***** Provided records

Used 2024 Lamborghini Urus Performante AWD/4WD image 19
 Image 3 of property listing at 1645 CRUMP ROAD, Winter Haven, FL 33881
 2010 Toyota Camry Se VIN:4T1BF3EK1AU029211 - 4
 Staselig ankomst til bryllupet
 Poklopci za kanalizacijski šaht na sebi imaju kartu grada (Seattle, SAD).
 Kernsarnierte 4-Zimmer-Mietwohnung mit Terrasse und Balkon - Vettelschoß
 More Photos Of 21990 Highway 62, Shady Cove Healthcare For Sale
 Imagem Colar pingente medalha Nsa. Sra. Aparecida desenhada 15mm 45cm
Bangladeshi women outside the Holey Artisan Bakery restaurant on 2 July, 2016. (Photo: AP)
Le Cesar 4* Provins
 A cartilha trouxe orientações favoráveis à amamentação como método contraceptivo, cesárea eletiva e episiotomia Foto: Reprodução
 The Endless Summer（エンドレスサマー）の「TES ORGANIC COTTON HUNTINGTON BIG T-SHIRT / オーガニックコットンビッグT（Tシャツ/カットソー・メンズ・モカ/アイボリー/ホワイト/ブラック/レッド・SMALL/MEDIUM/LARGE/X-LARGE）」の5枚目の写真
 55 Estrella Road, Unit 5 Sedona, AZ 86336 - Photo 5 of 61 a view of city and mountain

**********

■ **Task to carry out**: Above are the records; print exactly the lines from the line with "Image 3 of property" to the line with "More Photos Of", including both, and nothing else.

■ **Response for this exercise**:
 Image 3 of property listing at 1645 CRUMP ROAD, Winter Haven, FL 33881
 2010 Toyota Camry Se VIN:4T1BF3EK1AU029211 - 4
 Staselig ankomst til bryllupet
 Poklopci za kanalizacijski šaht na sebi imaju kartu grada (Seattle, SAD).
 Kernsarnierte 4-Zimmer-Mietwohnung mit Terrasse und Balkon - Vettelschoß
 More Photos Of 21990 Highway 62, Shady Cove Healthcare For Sale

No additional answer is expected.